6. Raise funding based on traction, not product
This is one of our favourite approaches, especially in climate tech, where product development can take years. The idea behind this is simple. Instead of raising money based on your product, you raise money based on how much commercial traction you’re getting. This could mean raising money based on off-take agreements, which are pre-order agreements that allow you to buy or sell goods before they’re made, or power purchase agreements (PPA), which are basically the same thing but for electricity.
The key here is to encourage investors to take a chance on you even when things are still relatively early. If you build your facility, you’ll already have buyers in place, and your product, when it comes, will likely make a great return on their investment. It might take some time to crunch the numbers and ensure your stats are bulletproof, but this strategy isn’t as complicated as you think.

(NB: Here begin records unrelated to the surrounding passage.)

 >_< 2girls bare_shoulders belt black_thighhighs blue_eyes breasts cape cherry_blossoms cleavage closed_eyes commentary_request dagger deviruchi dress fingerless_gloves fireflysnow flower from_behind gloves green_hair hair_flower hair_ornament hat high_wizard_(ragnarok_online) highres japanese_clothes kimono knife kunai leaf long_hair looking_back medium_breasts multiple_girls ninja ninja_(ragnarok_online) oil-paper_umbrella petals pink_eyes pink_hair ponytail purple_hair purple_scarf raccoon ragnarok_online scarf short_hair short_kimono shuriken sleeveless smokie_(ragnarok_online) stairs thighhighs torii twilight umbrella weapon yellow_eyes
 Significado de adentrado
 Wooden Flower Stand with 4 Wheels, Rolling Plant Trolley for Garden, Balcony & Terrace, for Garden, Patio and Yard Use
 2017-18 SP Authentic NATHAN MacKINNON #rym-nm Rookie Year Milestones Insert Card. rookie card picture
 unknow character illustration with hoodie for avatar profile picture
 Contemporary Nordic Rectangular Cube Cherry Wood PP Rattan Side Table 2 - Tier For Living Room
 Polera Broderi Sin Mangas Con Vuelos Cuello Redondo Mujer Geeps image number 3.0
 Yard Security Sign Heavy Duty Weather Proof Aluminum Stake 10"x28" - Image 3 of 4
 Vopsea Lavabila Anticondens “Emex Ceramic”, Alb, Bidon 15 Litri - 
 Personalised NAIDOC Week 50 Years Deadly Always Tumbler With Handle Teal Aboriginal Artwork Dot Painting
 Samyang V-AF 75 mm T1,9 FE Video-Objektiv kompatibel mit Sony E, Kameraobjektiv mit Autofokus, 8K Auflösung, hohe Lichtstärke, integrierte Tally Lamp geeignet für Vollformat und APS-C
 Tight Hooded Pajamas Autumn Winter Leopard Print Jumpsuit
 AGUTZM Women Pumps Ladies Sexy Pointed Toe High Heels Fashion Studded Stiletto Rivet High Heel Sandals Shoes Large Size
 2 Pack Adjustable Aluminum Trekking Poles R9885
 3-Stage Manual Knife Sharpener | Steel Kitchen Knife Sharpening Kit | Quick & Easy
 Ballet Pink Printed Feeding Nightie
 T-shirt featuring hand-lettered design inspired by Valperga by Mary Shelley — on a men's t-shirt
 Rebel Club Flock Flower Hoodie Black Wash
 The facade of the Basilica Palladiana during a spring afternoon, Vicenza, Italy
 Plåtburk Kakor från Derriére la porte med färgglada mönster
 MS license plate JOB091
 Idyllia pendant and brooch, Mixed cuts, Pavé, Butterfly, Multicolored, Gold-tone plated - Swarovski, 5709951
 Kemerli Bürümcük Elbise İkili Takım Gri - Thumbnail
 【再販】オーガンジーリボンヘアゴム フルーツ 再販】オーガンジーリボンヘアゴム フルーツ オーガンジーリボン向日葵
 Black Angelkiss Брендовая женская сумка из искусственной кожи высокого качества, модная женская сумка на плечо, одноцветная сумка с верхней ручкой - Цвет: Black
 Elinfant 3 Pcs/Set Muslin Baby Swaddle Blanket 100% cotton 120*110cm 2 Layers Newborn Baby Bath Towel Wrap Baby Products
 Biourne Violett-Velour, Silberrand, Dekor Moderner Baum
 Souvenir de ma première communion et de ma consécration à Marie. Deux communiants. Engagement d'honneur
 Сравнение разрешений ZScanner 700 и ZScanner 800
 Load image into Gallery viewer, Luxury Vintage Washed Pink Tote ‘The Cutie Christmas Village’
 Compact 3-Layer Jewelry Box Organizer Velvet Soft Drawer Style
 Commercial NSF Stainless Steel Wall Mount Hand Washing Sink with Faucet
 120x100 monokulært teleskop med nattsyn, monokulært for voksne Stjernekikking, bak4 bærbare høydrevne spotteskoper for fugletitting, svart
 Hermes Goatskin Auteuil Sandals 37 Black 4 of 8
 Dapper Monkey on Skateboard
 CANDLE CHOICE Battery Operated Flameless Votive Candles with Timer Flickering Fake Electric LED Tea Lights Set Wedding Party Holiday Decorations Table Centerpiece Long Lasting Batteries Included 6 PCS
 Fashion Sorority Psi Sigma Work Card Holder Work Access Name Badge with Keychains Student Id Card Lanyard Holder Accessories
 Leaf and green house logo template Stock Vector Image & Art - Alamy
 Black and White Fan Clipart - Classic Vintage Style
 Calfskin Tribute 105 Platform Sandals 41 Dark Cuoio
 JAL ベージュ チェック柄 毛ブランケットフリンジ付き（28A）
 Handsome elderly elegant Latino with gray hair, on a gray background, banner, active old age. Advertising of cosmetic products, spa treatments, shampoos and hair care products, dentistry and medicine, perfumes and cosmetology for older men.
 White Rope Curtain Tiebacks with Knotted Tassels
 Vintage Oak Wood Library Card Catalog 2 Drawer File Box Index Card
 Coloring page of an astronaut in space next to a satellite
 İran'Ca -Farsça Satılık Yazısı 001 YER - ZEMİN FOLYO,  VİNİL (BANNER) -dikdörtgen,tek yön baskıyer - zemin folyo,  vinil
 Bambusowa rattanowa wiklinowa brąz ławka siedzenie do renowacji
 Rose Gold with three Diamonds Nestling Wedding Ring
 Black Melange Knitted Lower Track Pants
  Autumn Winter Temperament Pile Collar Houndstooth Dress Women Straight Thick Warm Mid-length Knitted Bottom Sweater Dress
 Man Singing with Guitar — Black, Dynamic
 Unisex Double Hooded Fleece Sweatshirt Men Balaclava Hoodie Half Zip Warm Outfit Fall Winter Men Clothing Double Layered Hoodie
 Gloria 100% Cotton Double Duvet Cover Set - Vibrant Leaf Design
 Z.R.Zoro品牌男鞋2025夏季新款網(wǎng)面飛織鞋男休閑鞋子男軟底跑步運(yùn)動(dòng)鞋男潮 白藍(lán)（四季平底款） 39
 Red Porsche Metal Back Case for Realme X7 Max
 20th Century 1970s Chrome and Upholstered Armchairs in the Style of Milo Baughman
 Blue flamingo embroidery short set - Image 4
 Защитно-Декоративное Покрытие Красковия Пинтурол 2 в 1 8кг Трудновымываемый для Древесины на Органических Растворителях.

Our portfolio company, Reverion did exactly that. The company used a very simple playbook: collect down payments with signed contracts with costs in the high four digits to low five digits for each unit, allow both parties to back out any time, and use the resulting order book during fundraising to show off how much commercial traction they were getting.
Don’t underestimate the power of this approach. At Extantia, we believe that pre-order agreements are incredible tools, which climate tech companies can use to position themselves better for the next fundraising round. Using these tools properly can help you decouple product and traction and increase your chances of fundraising.
Final thoughts
Ultimately, the Cash vs. Product race is a challenge for every startup, and no matter how confident you are in your plans, you’re going to have to reckon with it. But we hope we’ve shown you that this challenge is not insurmountable. To win the race, you’re going to have to play it smart and reach for every opportunity you can.
Don’t get confident, or complacent. The steps we’ve outlined here might sound like a lot of hard work, but really, these are things that all founders should be prepared to do, at any time and ideally ahead of time. They require you to know things about your startup that you should already know, like where you can cut costs, your opportunities for equity-raising, who is most likely to partner with you, and most importantly — what your future product’s selling points are and how you can raise money based on your product’s potential and how much traction you can get. Understanding these things will help you not just survive the Cash vs Product race, but thrive in the competitive landscape that waits for you on the other side.
Remember, no matter what you choose to do, everything that can go wrong probably will. This is something that all founders will ultimately have to reckon with, but with careful planning and quick action, you should be able to avoid disaster.